----- Collected material -----
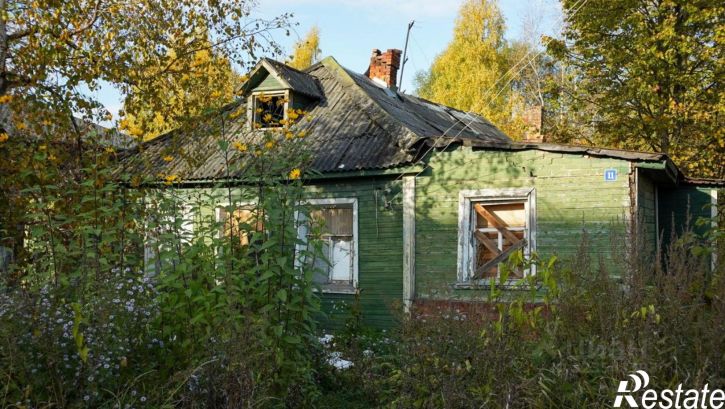 Отдельное здание улица Образцова, 11,  д. 11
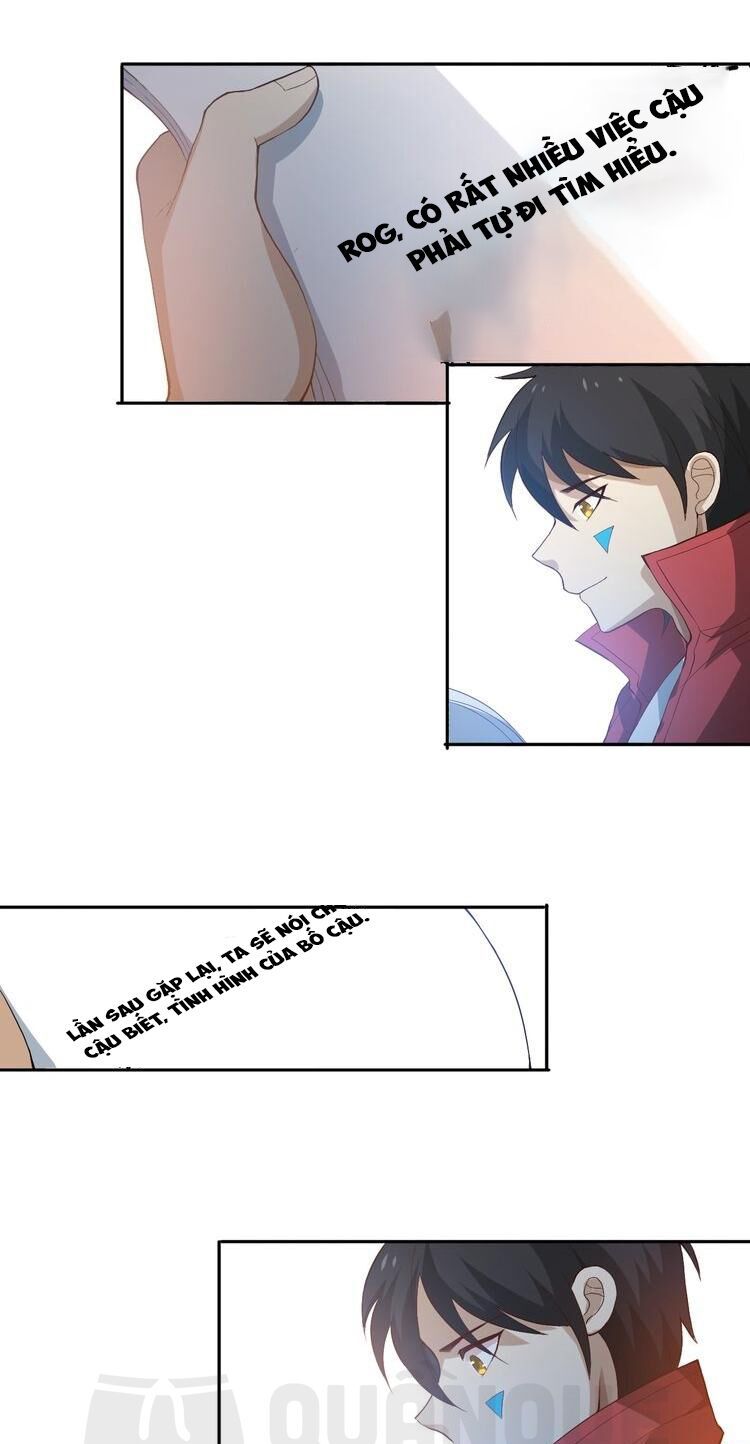 Giản Giới Chapter 32.2 - Trang 2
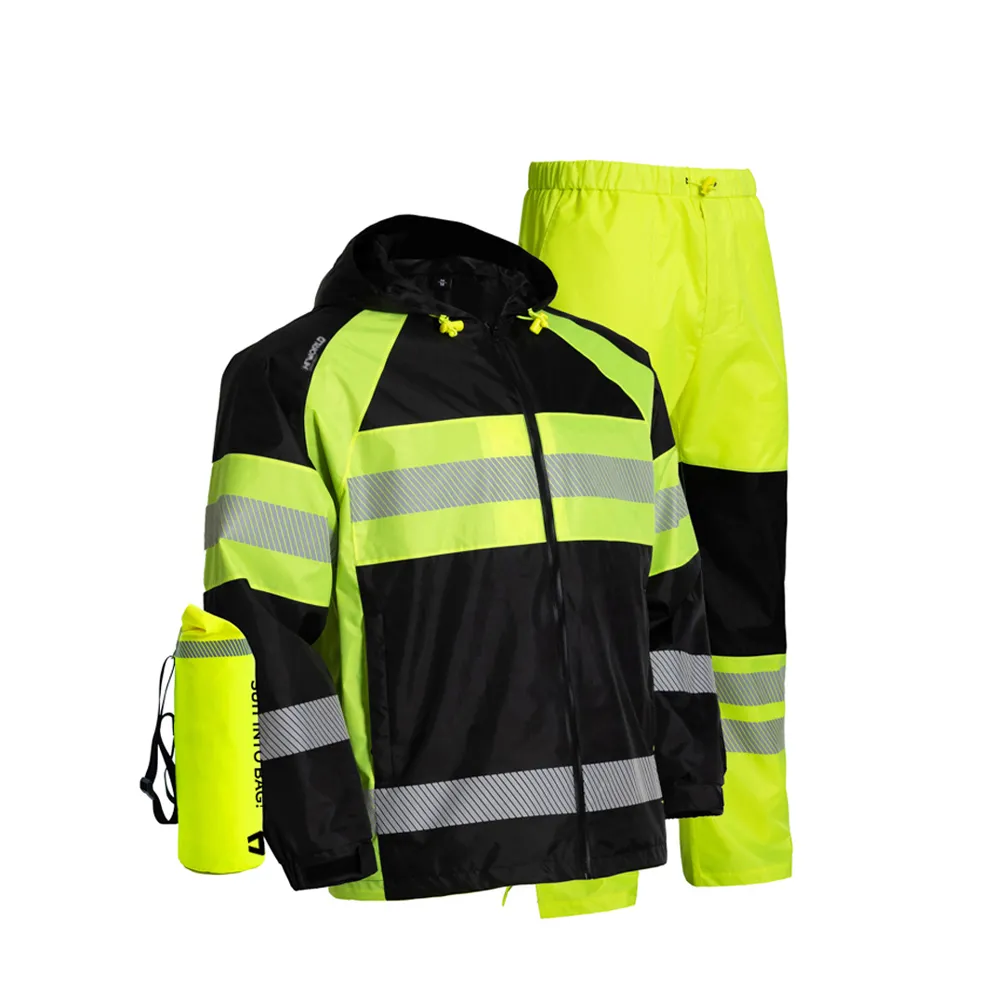EN ISO 20471 Explained: What Class 1, 2 and 3 Hi-Vis Mean for Buyers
-----
● Task prompt:
The required output is every line of the data above, set down exactly and stripped of pictures.

● Response:
 Отдельное здание улица Образцова, 11,  д. 11
 Giản Giới Chapter 32.2 - Trang 2
EN ISO 20471 Explained: What Class 1, 2 and 3 Hi-Vis Mean for Buyers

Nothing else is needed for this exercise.